Face à Starlink, l'Europe réunit ses géants pour un Airbus spatial
Airbus, Thales et Leonardo poursuivent des discussions pour regrouper leurs activités satellites. Une décision attendue depuis plus de vingt ans, relancée face à la montée en puissance de Starlink.
Un projet de longue date relancé par l'urgence du marché
Les discussions engagées à la mi-2024 pourraient aboutir à un accord d'ici fin 2025, selon Le Monde. Le projet, baptisé en interne "Bromo", vise à regrouper les activités satellites des trois industriels européens dans une structure unique. Selon la même source, cette nouvelle entité pourrait représenter plus de 6 milliards d'euros de chiffre d'affaires et être valorisée autour de 10 milliards d'euros, d'après des données relayées par Reuters.

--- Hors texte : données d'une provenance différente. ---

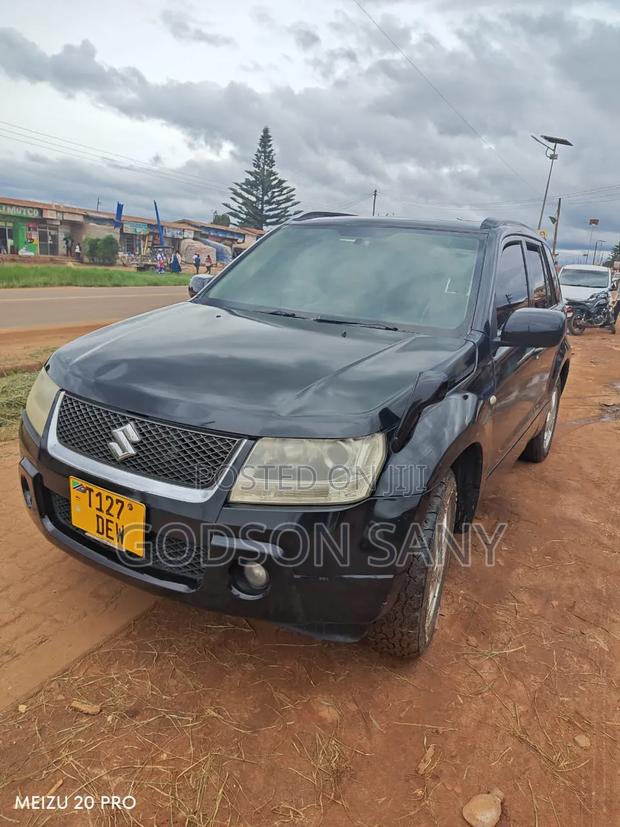Suzuki Grand Vitara 2006 Black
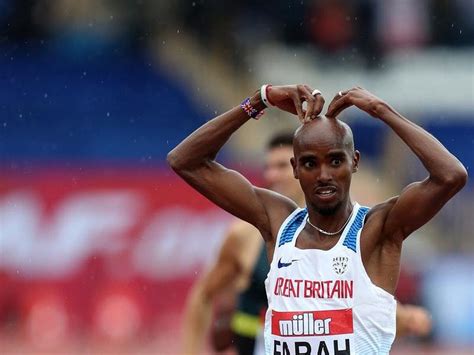 Mo Farah Has Won His Last Track Race In The Uk And Fans Are All Kinds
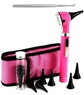 Pink Otoscope W/Ear Wax Remover Curette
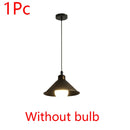 Axyaa Retro Industrial E27 Pendant Light for Restaurant Bar Kitchen Bedroom Corridor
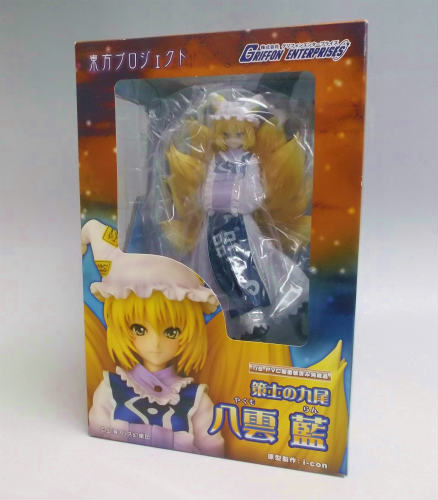 Touhou Project - Nine-Tailed Tactician "Ran Yakumo" 1/8 Complete Figure, animota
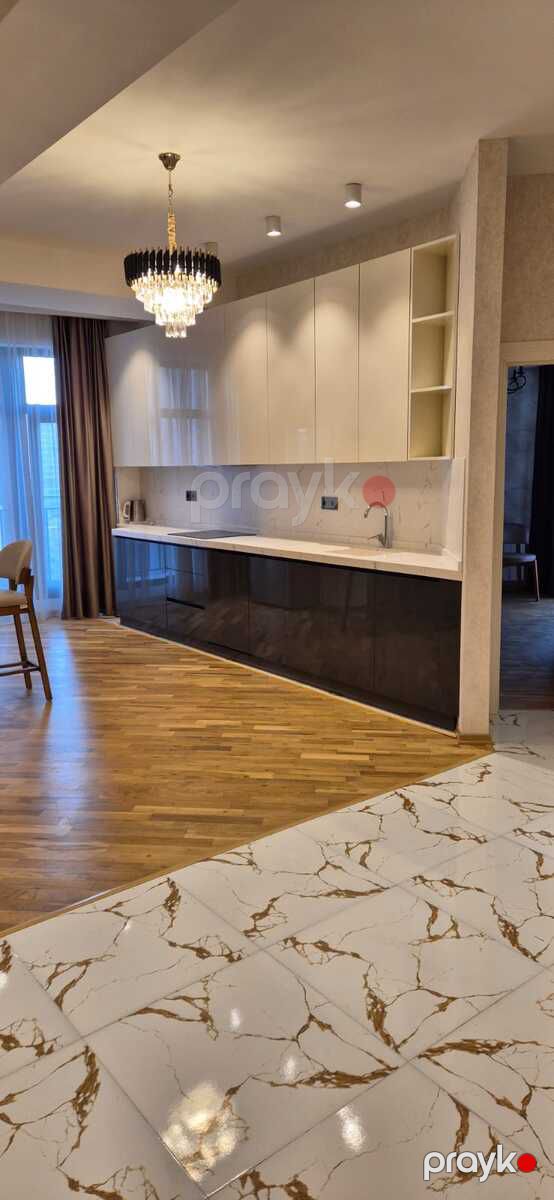 İcarəyə verilir 3 otaqlı yeni tikili 110 m² — Mənzil, Bakı (6)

Thales et Leonardo coopèrent déjà dans ce domaine depuis 2007 via Thales Alenia Space et Telespazio. L'ajout d'Airbus viendrait achever cette consolidation. Toujours selon Le Monde, les dirigeants des trois groupes devaient se rencontrer à la mi-septembre pour entamer les négociations sur la valorisation. Un porte-parole de Thales indique : "Aucun accord n'a été trouvé à ce stade. Nous poursuivons notre travail. Tout autre commentaire serait prématuré." Leonardo n'a pas fait de déclaration.
Des difficultés industrielles et une pression extérieure accrue
La transformation du secteur spatial s'est accélérée avec l'arrivée de Starlink, qui repose sur des milliers de petits satellites produits à la chaîne et positionnés en orbite basse. Ce modèle s'oppose à celui, plus traditionnel, des satellites géostationnaires, fabriqués sur mesure et déployés à 36 000 kilomètres de la Terre.
Le marché des satellites géostationnaires commerciaux est passé d'une vingtaine d'unités par an en 2020 à une dizaine aujourd'hui. Ce recul a fragilisé Airbus et Thales Alenia Space, qui ont lancé de vastes plans de restructuration. Airbus prévoit la suppression de 363 postes dans sa filiale Space Systems en France d'ici à mi-2026. Chez Thales Alenia Space, 980 postes pourraient disparaître.
Lors de la présentation des résultats annuels d'Airbus, Guillaume Faury évoquait que "certains acteurs américains perturbent l'écosystème", en visant SpaceX et Starlink, selon Le Monde.
Une fusion à construire
Plusieurs obstacles restent à surmonter. D'après Le Monde, la répartition du capital fait partie des points de friction. Airbus pèserait plus de 50% du chiffre d'affaires de la future entité, contre à peine 20% pour Leonardo. La CFDT d'Airbus Defence and Space soulignait en juillet que "sauf à trouver des contreparties [cessions d'actifs, compensation financière], l'équilibre ne sera pas facile à atteindre".
La gouvernance constitue un autre sujet sensible, les tensions passées sur la nationalité des dirigeants ayant marqué l'histoire d'Airbus. Le projet devra aussi obtenir l'accord de la Commission européenne. Selon le journal, l'Agence spatiale européenne craint une réduction de la concurrence, ce qui pourrait conduire Bruxelles à demander des cessions, notamment au profit du groupe OHB.
Un rapport parlementaire cité par Le Monde appuie ce rapprochement. L'étude du cabinet Syndex y estime qu'un regroupement permettrait de "limiter les aléas en mutualisant les carnets de commandes" et "d'accroître l'effort de R&D".